§ Your assignment
Return the listing exactly. Keep no pictures.

Material provided Block Start

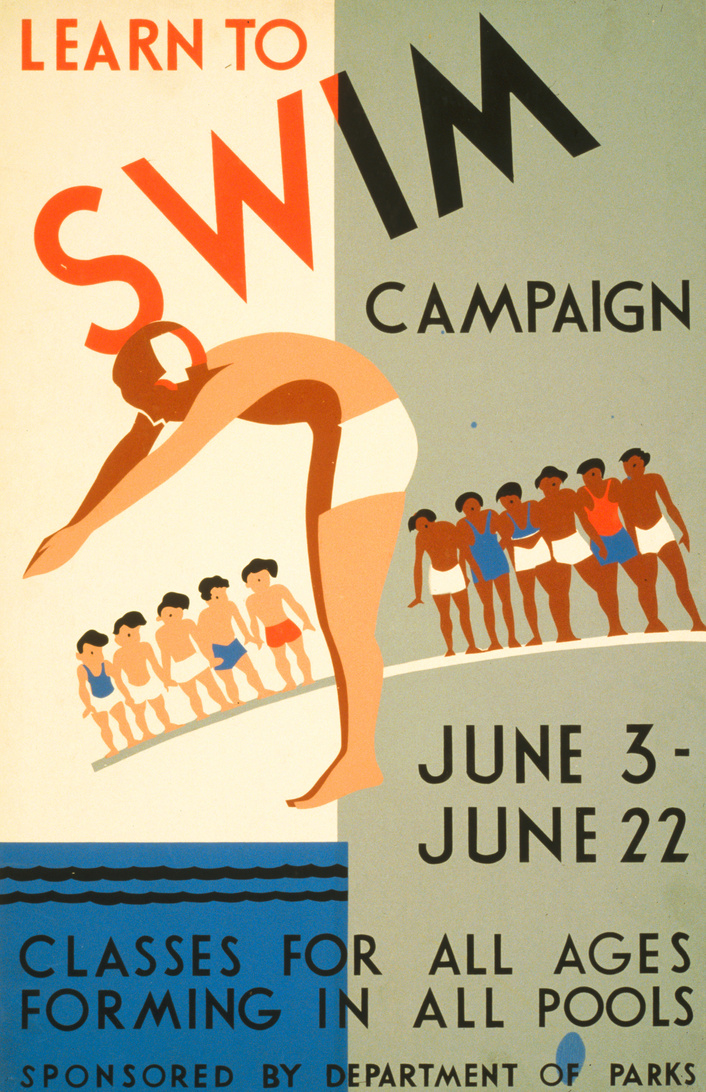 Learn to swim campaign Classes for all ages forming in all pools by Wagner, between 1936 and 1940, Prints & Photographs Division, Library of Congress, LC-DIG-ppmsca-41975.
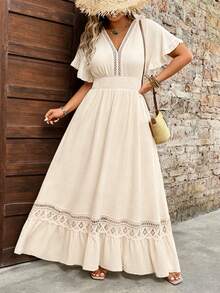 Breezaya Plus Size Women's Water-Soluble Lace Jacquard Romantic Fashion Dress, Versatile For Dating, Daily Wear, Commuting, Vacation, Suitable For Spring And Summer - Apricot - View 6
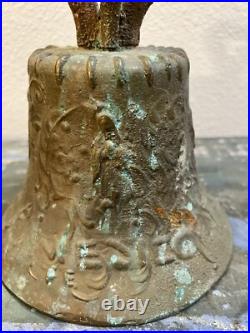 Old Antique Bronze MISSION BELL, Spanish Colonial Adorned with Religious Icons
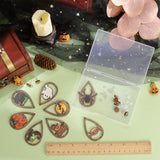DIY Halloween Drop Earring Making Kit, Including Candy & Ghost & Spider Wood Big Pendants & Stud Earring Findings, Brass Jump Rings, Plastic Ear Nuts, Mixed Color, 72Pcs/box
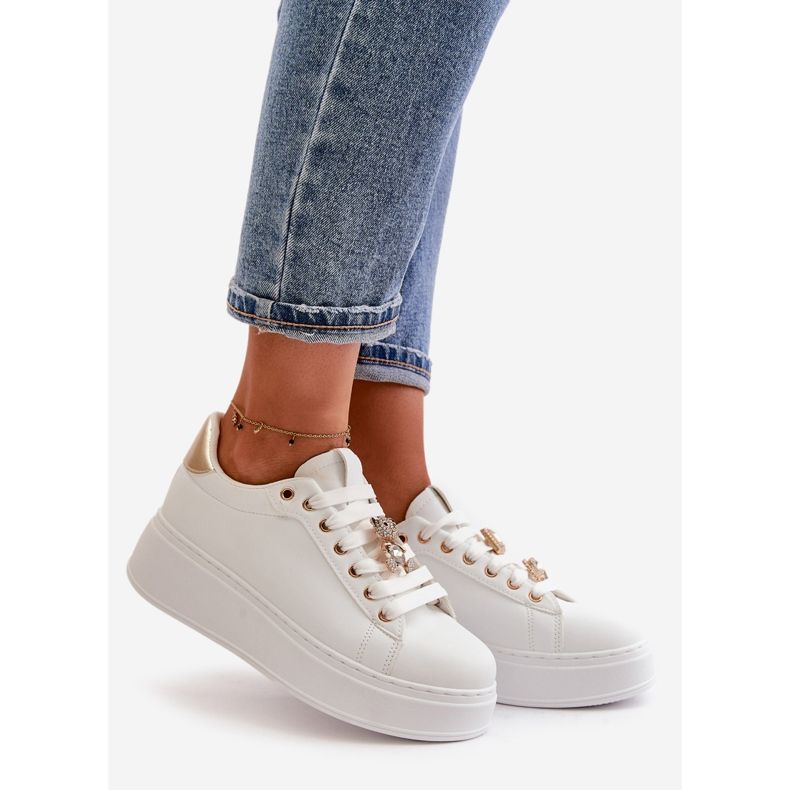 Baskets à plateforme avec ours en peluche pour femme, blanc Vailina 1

Material provided Block End

§ Completed exercise
 Learn to swim campaign Classes for all ages forming in all pools by Wagner, between 1936 and 1940, Prints & Photographs Division, Library of Congress, LC-DIG-ppmsca-41975.
 Breezaya Plus Size Women's Water-Soluble Lace Jacquard Romantic Fashion Dress, Versatile For Dating, Daily Wear, Commuting, Vacation, Suitable For Spring And Summer - Apricot - View 6
 Old Antique Bronze MISSION BELL, Spanish Colonial Adorned with Religious Icons
DIY Halloween Drop Earring Making Kit, Including Candy & Ghost & Spider Wood Big Pendants & Stud Earring Findings, Brass Jump Rings, Plastic Ear Nuts, Mixed Color, 72Pcs/box
 Baskets à plateforme avec ours en peluche pour femme, blanc Vailina 1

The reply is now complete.